[<prev] [next>] [<thread-prev] [thread-next>] [day] [month] [year] [list]
Message-ID: <ZXcgbJsFRotjOgUw@raptor>
Date: Mon, 11 Dec 2023 14:45:00 +0000
From: Alexandru Elisei <alexandru.elisei@....com>
To: Hyesoo Yu <hyesoo.yu@...sung.com>
Cc: catalin.marinas@....com, will@...nel.org, oliver.upton@...ux.dev,
maz@...nel.org, james.morse@....com, suzuki.poulose@....com,
yuzenghui@...wei.com, arnd@...db.de, akpm@...ux-foundation.org,
mingo@...hat.com, peterz@...radead.org, juri.lelli@...hat.com,
vincent.guittot@...aro.org, dietmar.eggemann@....com,
rostedt@...dmis.org, bsegall@...gle.com, mgorman@...e.de,
bristot@...hat.com, vschneid@...hat.com, mhiramat@...nel.org,
rppt@...nel.org, hughd@...gle.com, pcc@...gle.com,
steven.price@....com, anshuman.khandual@....com,
vincenzo.frascino@....com, david@...hat.com, eugenis@...gle.com,
kcc@...gle.com, linux-arm-kernel@...ts.infradead.org,
linux-kernel@...r.kernel.org, kvmarm@...ts.linux.dev,
linux-fsdevel@...r.kernel.org, linux-arch@...r.kernel.org,
linux-mm@...ck.org, linux-trace-kernel@...r.kernel.org
Subject: Re: [PATCH RFC v2 11/27] arm64: mte: Reserve tag storage memory
Hi,
On Fri, Dec 08, 2023 at 02:03:44PM +0900, Hyesoo Yu wrote:
> Hi,
>
> I'm sorry for the late response, I was on vacation.
>
> On Sun, Dec 03, 2023 at 12:14:30PM +0000, Alexandru Elisei wrote:
> > Hi,
> >
> > On Wed, Nov 29, 2023 at 05:44:24PM +0900, Hyesoo Yu wrote:
> > > Hello.
> > >
> > > On Sun, Nov 19, 2023 at 04:57:05PM +0000, Alexandru Elisei wrote:
> > > > Allow the kernel to get the size and location of the MTE tag storage
> > > > regions from the DTB. This memory is marked as reserved for now.
> > > >
> > > > The DTB node for the tag storage region is defined as:
> > > >
> > > > tags0: tag-storage@...000000 {
> > > > compatible = "arm,mte-tag-storage";
> > > > reg = <0x08 0xf8000000 0x00 0x4000000>;
> > > > block-size = <0x1000>;
> > > > memory = <&memory0>; // Associated tagged memory node
> > > > };
> > > >
> > >
> > > How about using compatible = "shared-dma-pool" like below ?
> > >
> > > &reserved_memory {
> > > tags0: tag0@...000000 {
> > > compatible = "arm,mte-tag-storage";
> > > reg = <0x08 0xf8000000 0x00 0x4000000>;
> > > };
> > > }
> > >
> > > tag-storage {
> > > compatible = "arm,mte-tag-storage";
> > > memory-region = <&tag>;
> > > memory = <&memory0>;
> > > block-size = <0x1000>;
> > > }
> > >
> > > And then, the activation of CMA would be performed in the CMA code.

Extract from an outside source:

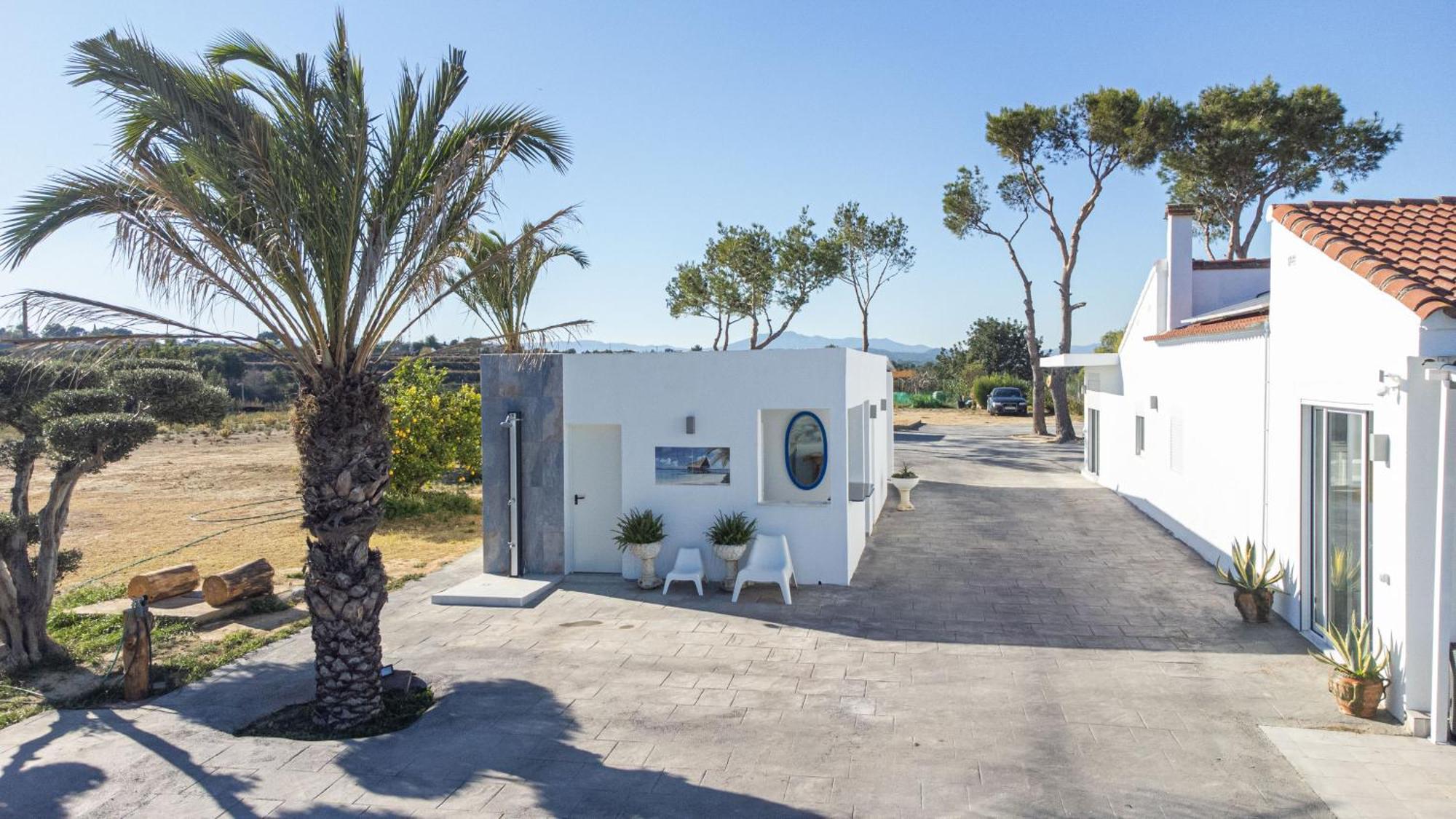 La Villa De Luz Torrent  Eksteriør bilde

> > > We just can get the region information from memory-region and allocate it directly
> > > like alloc_contig_range, take_page_off_buddy. It seems like we can remove a lots of code.
> >
>
> Sorry, that example was my mistake. Actually I wanted to write like this.
>
> &reserved_memory {
> tags0: tag0@...000000 {
> compatible = "shared-dma-pool";
> reg = <0x08 0xf8000000 0x00 0x4000000>;
> reusable;
> };
> }
>
> tag-storage {
> compatible = "arm,mte-tag-storage";
> memory-region = <&tag>;
> memory = <&memory0>;
> block-size = <0x1000>;
> }
I prototyped your suggestion with this change to the device tree:
reserved-memory {
#address-cells = <0x02>;
#size-cells = <0x02>;
ranges;
tags0: tag-storage@...000000 {
compatible = "arm,mte-tag-storage";
reg = <0x08 0xf8000000 0x00 0x4000000>;
block-size = <0x1000>;
memory = <&memory0>;
reusable;
};
};
Would you mind explaining what we are gaining by using reserved mem?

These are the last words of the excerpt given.